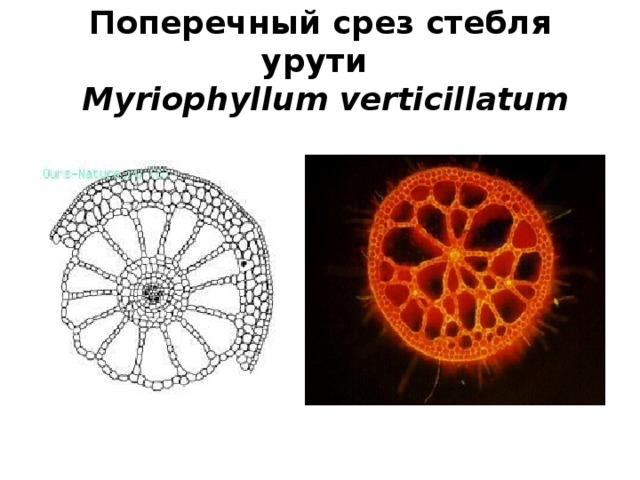 Поперечный срез стебля урути  Myriophyllum verticillatum 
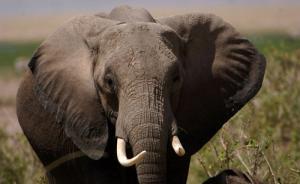 云南景洪橡膠林一頭野象突襲兩務(wù)工人員，一人逃生一人遇難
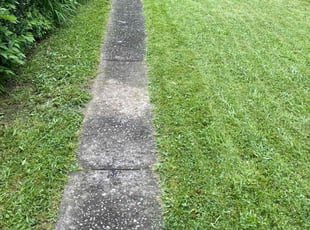Cheryle G.'s turf maintenance service result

YOUR GOAL =
The reply should hold every line of the material above, unchanged, and no pictures.

FINISHED TASK =
 Поперечный срез стебля урути  Myriophyllum verticillatum 
 云南景洪橡膠林一頭野象突襲兩務(wù)工人員，一人逃生一人遇難
Cheryle G.'s turf maintenance service result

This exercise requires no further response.